Darren Reed wrote:
Dave Miner wrote:
...
Yes it is, otherwise customers will find themselves with Solaris
systems that don't
work when all of a sudden loopback RPC no longer functions. Further,
while customers
may be using zones and want IPFilter between them, above all else, by
default it needs
to be backward compatible with today's environment.
Not that I care that much about this point, but you could conceivably
provide default rulesets which provided exactly the current behavior
and enable loopback filtering. The real issue, to me, is that it's
incredibly clumsy to have to go muck with /etc/system and reboot if I
want to use zones and filtering, which is clearly a very desirable
model. This seems like a very high-priority RFE for IPFilter.
In making it easy to enable loopback filtering, it changes the nature of
this choice from being a policy decision to something that can be more
ad-hoc. I'm concerned about the nature of that from a security
perspective - can it become too easy to accidently disable/enable?

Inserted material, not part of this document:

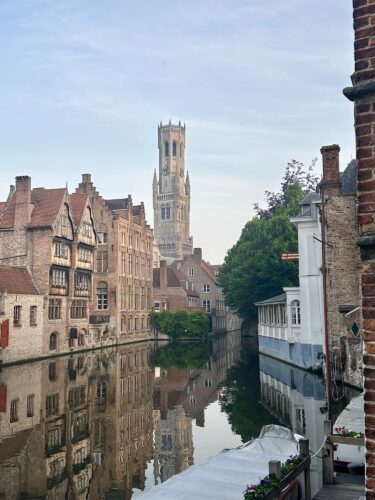 View of a historic canal in Bruges, Belgium, featuring traditional brick buildings and a tall church tower reflected in the water, under a clear sky.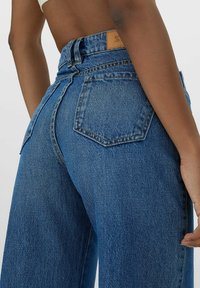 Korkeavyötäröiset siniset farkut rentoa istuvuutta, joissa on takataskut ja nahkaleima vyötäröllä. Pehmeä tekstuuri ja klassinen muotoilu.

I've heard several respected security thinkers take the position that
ease-of-use for security features makes them more likely to be used
effectively.
Do you view being able to enable/disable it via the driver's .conf file
as being equally clumsy?
I'd rather put it in terms of what I'd think would be the user requirements:
- it should be easy for the user to make this selection in the context
of other tasks they'd be doing to configure the filtering feature. It
should be part of what they'd normally do to set other aspects of
filtering policy.
- it must not require a reboot or similarly serious discontinuity of
system services to take effect.
If you could meet those requirements putting it in /etc/system, or a
driver .conf file, then I wouldn't necessarily care.